Unfortunately, most companies have upwards of 90% of their items behaving intermittently at the granularity that matters, and the trend is that is getting worse. Hence, for the vast majority of items a statistical forecast is not adding any value. Generally, through unwarranted adherence to such forecast, value is destroyed.

Probabilistic forecasts on the other hand, are especially suited for intermittent demand patterns. Rather than state some average level, which will never occur as an actual, they state the probability of occurrence for each demand level. One way of looking at this (one of many) is future demand trends. Have you ever wondered if current trends will continue, get worse or better? The answer is not a single trend line. It can however be very elegantly expressed in terms of a projection of probabilities.

At some point a probabilistic forecast output needs to be shared with a deterministic system. At that point, richness of information and value are lost. To capture as much value as possible that hand-off needs to be deferred as much as possible. For example, if the probabilistic forecast is used by probabilistic inventory optimization and probabilistic planning and scheduling systems the value is fully utilized. Only when generating orders does it need to become deterministic. There are various ways to capture at least part of the extra value even if the forecast is the only probabilistic system used. More on that in future articles.

Difference in impact: accuracy vs precision

Statistical forecasts are precise by definition. They are provided as exact numbers of what will happen in future periods. They are however highly inaccurate. The exact numbers are seldom correct.

Probabilistic forecast on the other hand are not precise at all. They are expressed as vague ranges with probabilities that any value in the range may occur.
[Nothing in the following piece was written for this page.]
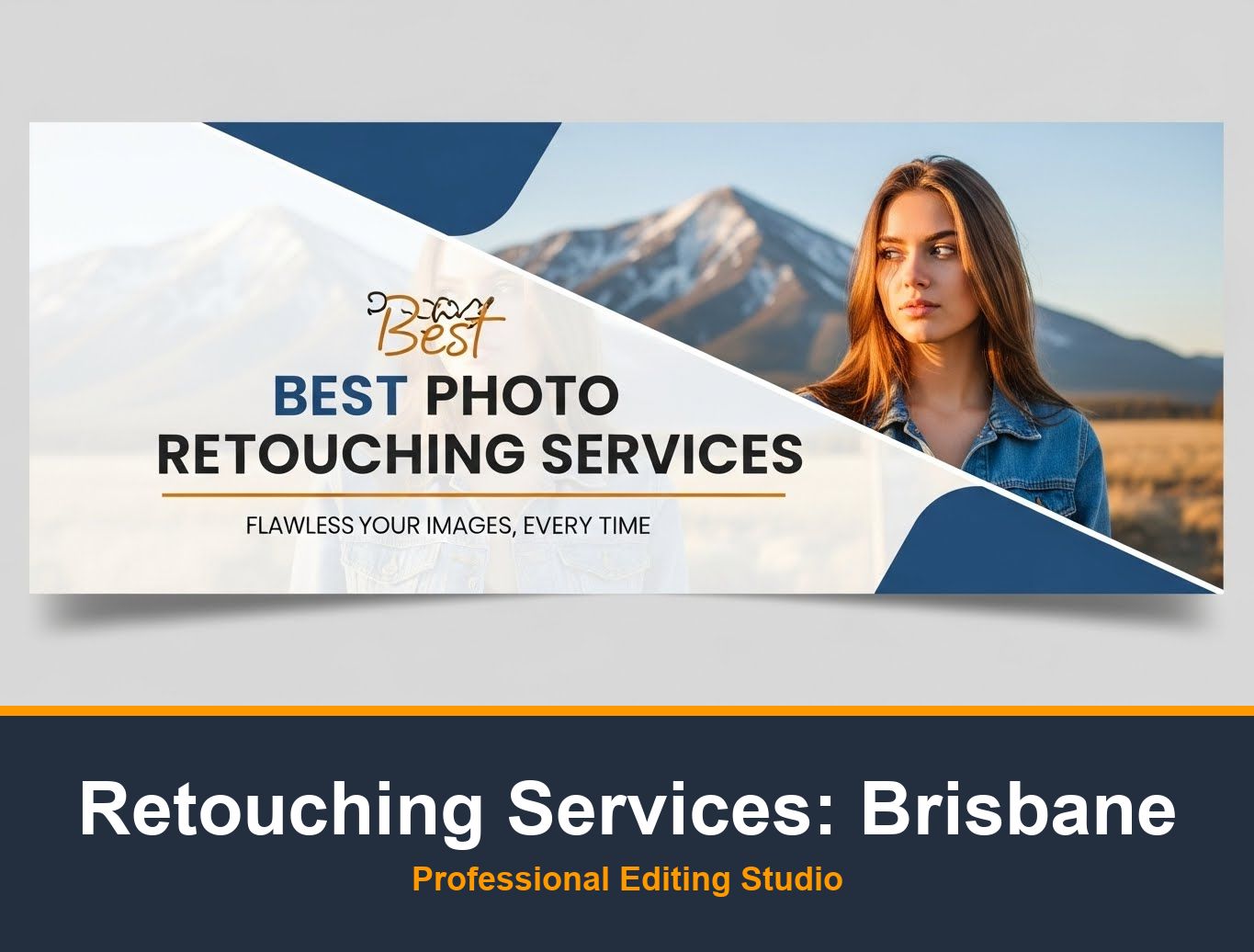Photo Retouching Service in Brisbane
However, if done well, probabilistic forecasts are highly accurate

If the distinction is not clear, I recommend the article "Are You Confusing Precision for Accuracy?", which explains the difference.

Accuracy without precision is perfectly fine. Granted, not as great as having both at the same time, but if one has to give, it must be precision. Accuracy is a metric that tells us how good the result is. Precision expresses a level of confidence in the results.

It should be clear that precision without accuracy is meaningless and useless. Worse, the false perception of accuracy will drive bad business decisions and bad planning decisions. It is false confidence in bad numbers. This is the easiest trap of all to fall into. Even many experts and vendors are unaware that this kind of error permeates all their plans and systems. Just think about all the planning processes you know of, and ask yourself the following two questions:

  1. How many plan calculations are based on exact numbers when those numbers are uncertain?
  2. How many plans create outputs that are more precise than their inputs?

An example of the first is using exact forecast numbers in planning. An example of the second is using monthly demand data to generate forecasts by week or day (usually by splitting demand values, sometimes by prorating demand). All of those make the costly mistake of valuing precision over accuracy.

Plans based on statistical forecasts will be ever-changing. There will be constant fire-fighting, where planners are tackling one emergency after another. Many times, expensive alternatives are required, such as expediting, that undo all of the value promised by a carefully made plan. Plans based on probabilistic forecasts however are stable. The most likely and the most impactful scenarios have already been accounted for. Decisions were made ahead of time, that if a certain improbable but high impact event were to occur, what would be the response, if any. And crucially, those decisions were made jointly by all stakeholders before everyone was running around like chickens without their heads, rather than one planner in the midst of the chaos.

The value of significant greater accuracy of probabilistic forecasts cannot be ignored. But the real impact is the stabilization of the supply chain from mayhem to full control.